TRY IT: Go to the line containing "Grange Farm Cottage - Sutton Bridge" below; retype it and all following lines exactly, and leave out the pictures.

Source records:
- - -

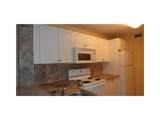 10733 Cleary Blvd - Photo 2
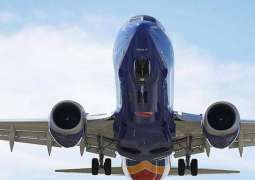 US grounds Boeing 737 MAX amid growing safety concerns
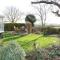 Grange Farm Cottage - Sutton Bridge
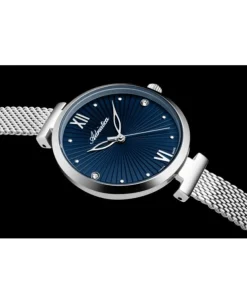 Zegarek damski Adriatica A3781.5185Q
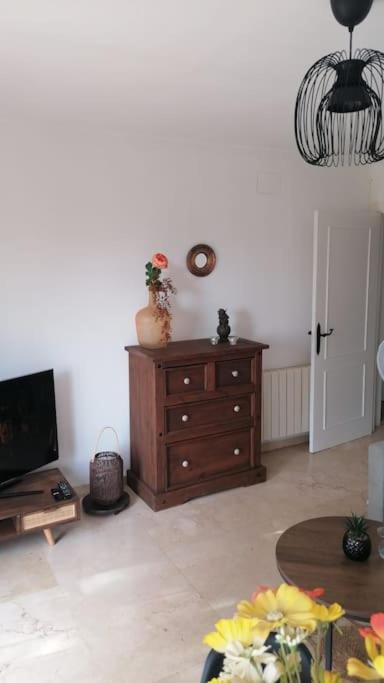 Views, Family & Private Parking In Alto Albayzin *
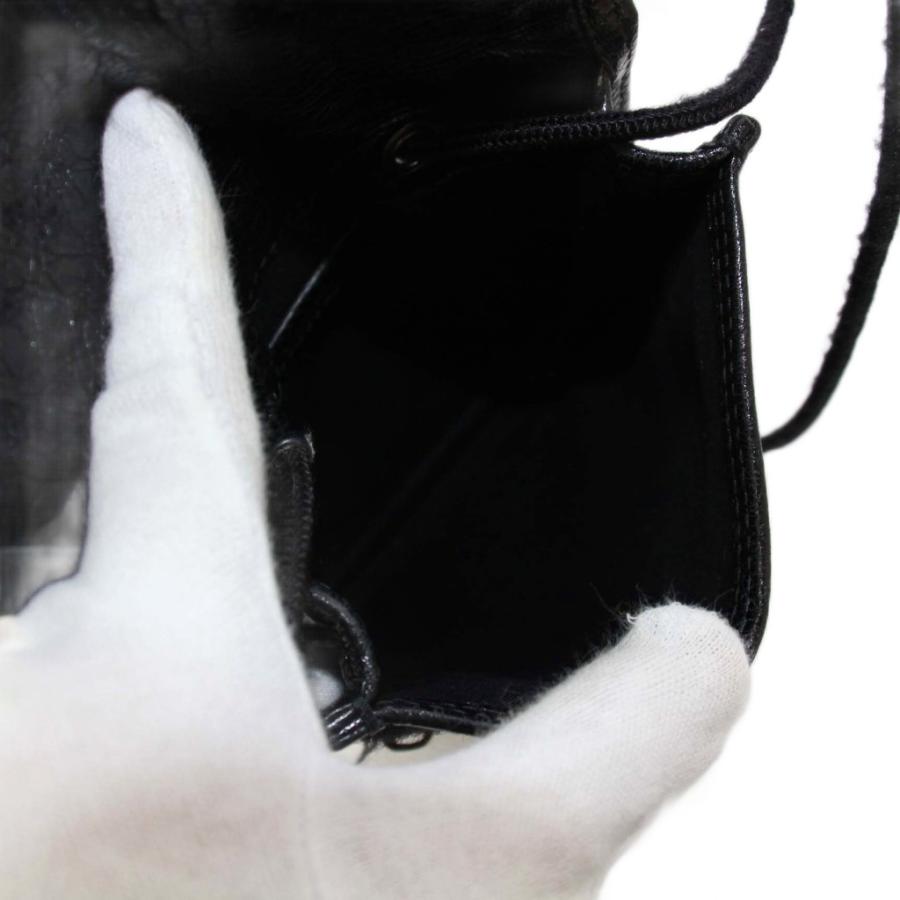 BALENCIAGA（バレンシアガ） BALENCIAGA Explorer エクスプローラー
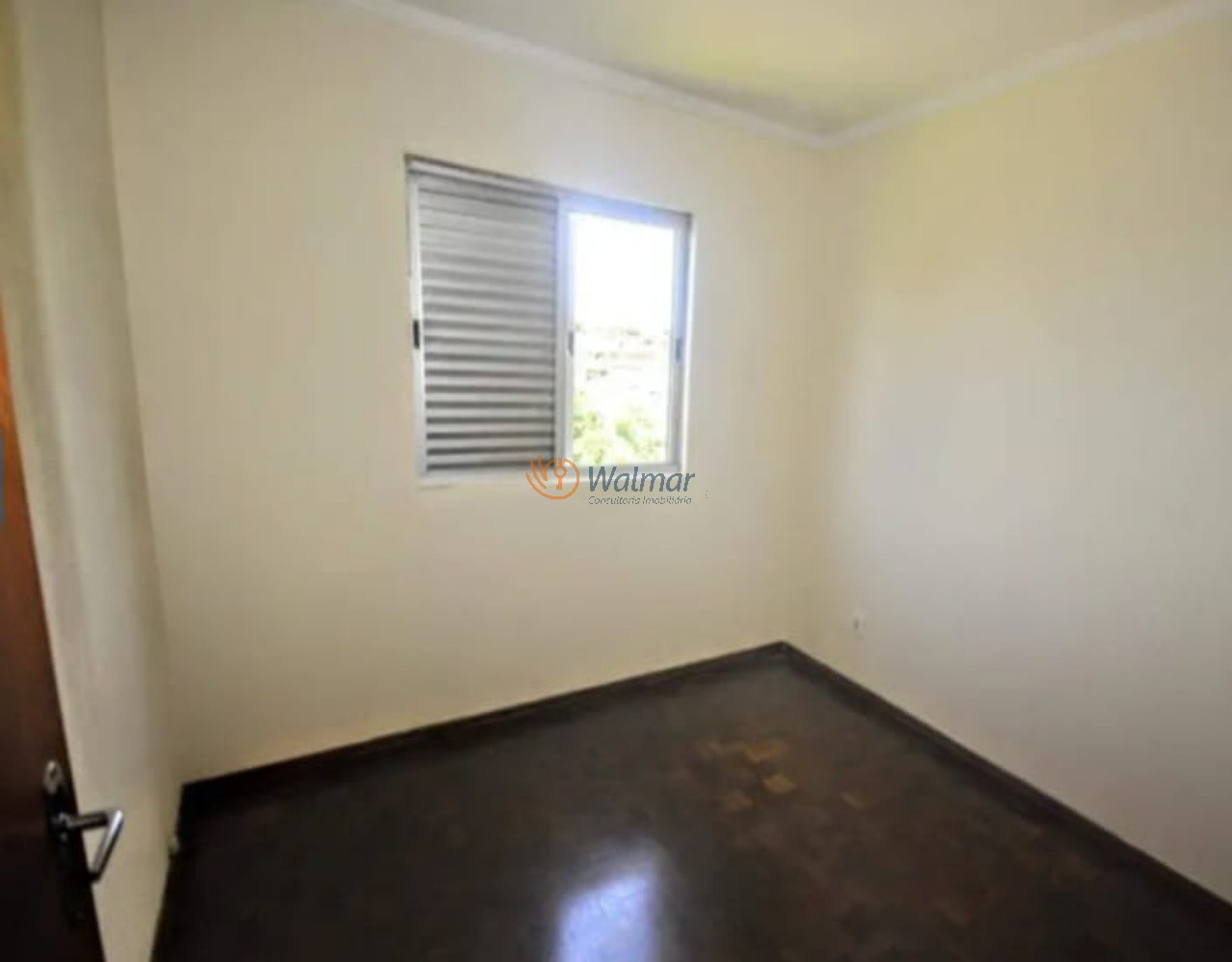 Apartamento, 3 quartos, 79 m² - Foto 3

- - -

SOLUTION:
 Grange Farm Cottage - Sutton Bridge
 Zegarek damski Adriatica A3781.5185Q
 Views, Family & Private Parking In Alto Albayzin *
 BALENCIAGA（バレンシアガ） BALENCIAGA Explorer エクスプローラー
 Apartamento, 3 quartos, 79 m² - Foto 3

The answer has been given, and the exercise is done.